La ricompensa non è proporzionale
A volte, infatti, le parole di Gesù sul premio promesso ai suoi discepoli possono aver indotto qualcuno a fare calcoli, cercando di quantificare: quanto vale ogni azione buona? Magari si può anche accumulare merito per gli altri, o sostituire un’azione con un corrispettivo in denaro… Di per sé nei Vangeli non c’è traccia di questo modo di ragionare. Leggiamo per esempio la parabola dei lavoratori presi a giornata (Mt 20,1-16): il padrone passa all’alba e chiama a lavorare per lui un primo gruppo di persone; poi ripassa alle nove, a mezzogiorno, alle tre e alle cinque: è chiaro che gli ultimi lavorano poco rispetto ai primi, eppure la ricompensa alla fine è uguale per tutti. A chi si lamenta, il padrone dice: «Non posso fare delle mie cose quello che voglio? Oppure tu sei invidioso perché io sono buono?» (Mt 20,15).
È incredibile: proprio Matteo, l’evangelista che più di tutti sottolinea l’importanza di mettere in pratica gli insegnamenti di Gesù, proprio lui che dice più volte che bisogna «fare» per «entrare nel regno dei cieli», proprio lui riporta questa parabola di Gesù, il cui insegnamento è chiaro: la ricompensa non è proporzionata alla quantità di lavoro, ma alla bontà di Dio.

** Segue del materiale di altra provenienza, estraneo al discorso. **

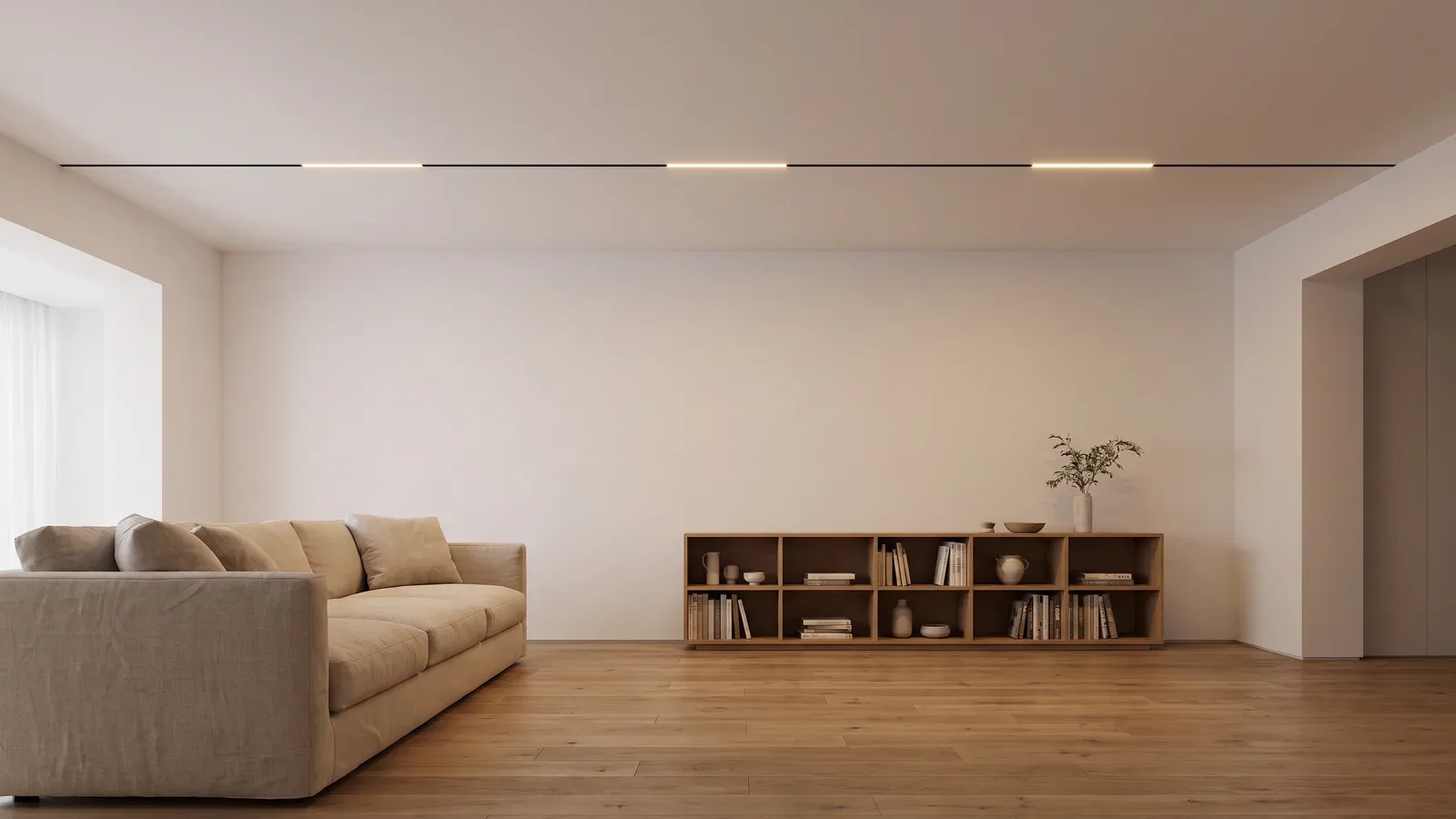 Salón visto de frente con sofá claro, librería baja de madera y suelo de roble; en el techo, un trazo negro muy fino con tres tramos iluminados.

Così è tolto ogni dubbio: i discepoli di Gesù non lavorano per la ricompensa. «Così anche voi, quando avrete fatto tutto quello che vi è stato ordinato, dite: siamo servi inutili. Abbiamo fatto quanto dovevamo fare» (Lc 17,10); quando abbiamo fatto la volontà di Dio non abbiamo pretese da vantare: abbiamo fatto quel che c’era da fare, basta. San Paolo approfondisce tantissimo questo discorso, specialmente nelle lettere ai Galati e ai Romani: la salvezza viene da Dio, non dalla quantità di opere buone che riusciamo a mettere da parte.

È Dio stesso
Il premio dunque non è quantificabile. Anche perché Gesù promette qualcosa che è così grande da andare oltre ogni possibilità di misura: «Beati i poveri in spirito, perché di essi è il Regno dei Cieli» (Mt 5,3). Se continuiamo la lettura di Mt 5, completando l’elenco delle beatitudini, ci accorgeremo che il premio promesso è sproporzionatamente grande: non c’è paragone tra quanto si fa e quanto si riceve da Dio. A chi si fida di Lui, Dio promette Se stesso; Dio è la nostra ricompensa
Nel capitolo 15 del suo Vangelo, Luca racconta una parabola: un padre aveva due figli. Un giorno il figlio minore prende la parte di eredità che gli spetta, se ne va da casa e spende tutto; coincidenza, una carestia lo costringe alla fame e così – più affamato che convertito – ritorna a casa. Il padre lo accoglie e inventa per lui una festa; ma suo fratello si rifiuta di entrare: non è giusto, dice al padre, perché «io ti servo da tanti anni e non ho mai trasgredito un tuo comando, e tu non mi hai dato mai un capretto per far festa con i miei amici. Ma ora che questo tuo figlio che ha divorato i tuoi averi con le prostitute è tornato, per lui hai ammazzato il vitello grasso. Gli rispose il padre: Figlio, tu sei sempre con me e tutto ciò che è mio è tuo!» (Lc 15,29-31). Il premio non è ricevere qualcosa in cambio dei numerosi servizi, ma sentirsi dire le parole del padre: «Figlio, tu sei sempre con me e tutto ciò che è mio è tuo».